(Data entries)
[Start of section]

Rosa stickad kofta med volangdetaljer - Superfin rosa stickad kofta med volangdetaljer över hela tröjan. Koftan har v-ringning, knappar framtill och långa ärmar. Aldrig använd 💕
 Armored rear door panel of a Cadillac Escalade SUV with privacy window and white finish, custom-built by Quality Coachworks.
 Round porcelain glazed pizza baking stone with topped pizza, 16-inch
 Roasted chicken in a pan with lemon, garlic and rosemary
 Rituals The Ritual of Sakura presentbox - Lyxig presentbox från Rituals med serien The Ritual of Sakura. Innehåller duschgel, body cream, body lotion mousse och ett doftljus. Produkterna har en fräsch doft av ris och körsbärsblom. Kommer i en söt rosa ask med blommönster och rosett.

[End of section]

### Task objective
Give again each line shown above, keeping every word as it is.

### Solution to the problem
Rosa stickad kofta med volangdetaljer - Superfin rosa stickad kofta med volangdetaljer över hela tröjan. Koftan har v-ringning, knappar framtill och långa ärmar. Aldrig använd 💕
 Armored rear door panel of a Cadillac Escalade SUV with privacy window and white finish, custom-built by Quality Coachworks.
 Round porcelain glazed pizza baking stone with topped pizza, 16-inch
 Roasted chicken in a pan with lemon, garlic and rosemary
 Rituals The Ritual of Sakura presentbox - Lyxig presentbox från Rituals med serien The Ritual of Sakura. Innehåller duschgel, body cream, body lotion mousse och ett doftljus. Produkterna har en fräsch doft av ris och körsbärsblom. Kommer i en söt rosa ask med blommönster och rosett.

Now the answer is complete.